Unlike zopfli, brotli doesn't overwrite its input file, so the above command will produce an index.html.br file by default. For good measure I added -Z to always use max compression, and -f to force overwriting of any existing files. This is useful because I statically generate this site from a set of Markdown files, and I'd rather not have to delete the existing output directory every time just to keep Brotli happy.

Do it in parallel, again§

fd -e html -e xml -e css -e js -e svg -e txt -e json --exec brotli -Z -f {} \; . public/

Same style of fd command as above...

Results§

For just a quick comparison, I compressed the home page of this blog with Zopfli and Brotli.

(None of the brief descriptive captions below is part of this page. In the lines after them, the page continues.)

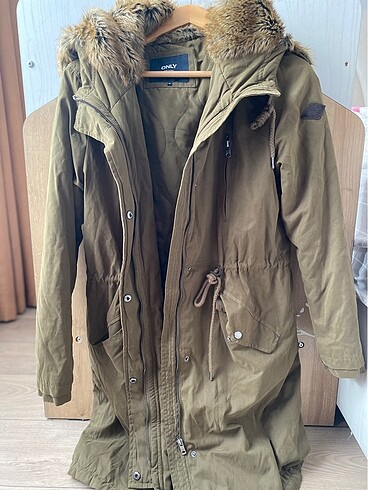 Mont parka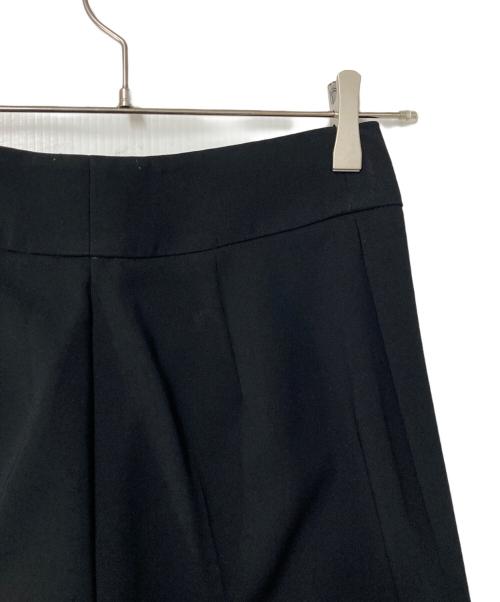 Max Mara Studio（マックスマーラ ストゥディオ）Max Mara Studio (マックスマーラ ストゥディオ) セットアップ 60461789/61361189 ブラック サイズ:36の古着・服飾アイテム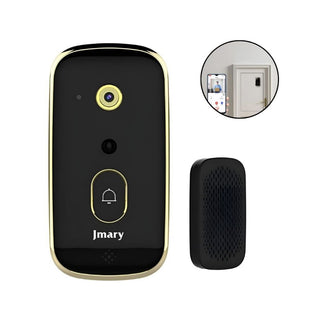 Jmary smart video doorbell FM-6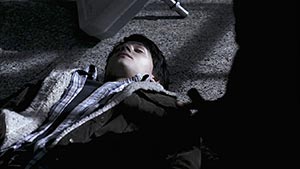 Сверхъестественное 1 сезон 10 серия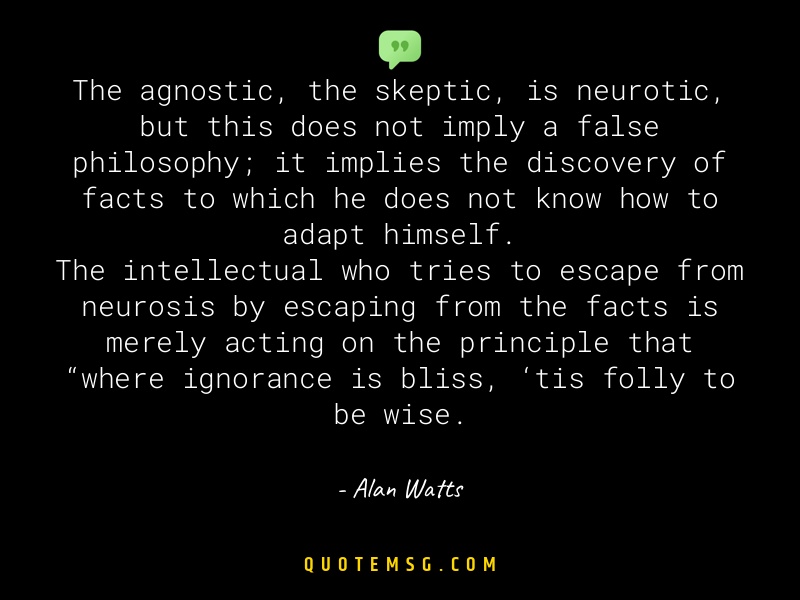 Image of Alan Watts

Here's the number of bytes in four forms: uncompressed, compressed with Brotli, and compressed with Zopfli, and compressed with standard gzip using gzip -9 for maximum compression:

17,817 index.html
2,607  index.html.br (85.37% improvement over uncompressed)
3,308  index.html.gz (81.43% improvement over uncompressed) (zopfli)
3,404  index.html.gzip (80.89% improvement over uncompressed) (gzip -9)

As you can see, compression in general results in significant savings. Brotli unsurprisingly takes the cake, followed by Zopfli and standard gzip as dead last.

That said, the improvement of Zopfli over standard gzip is marginal in this case, but when applied to all text assets across the entire website, you can shave a few percentage points off your web traffic.

Conclusion§

So yeah, you're likely reading this via a Brotli-compressed HTML page, or maybe even a Zopfli-compressed HTML page.

In addition to the total lack of Javascript, trackers, and any other 3rd party requests, you can enjoy a lighting fast "plain text" experience on this website.

Cheers!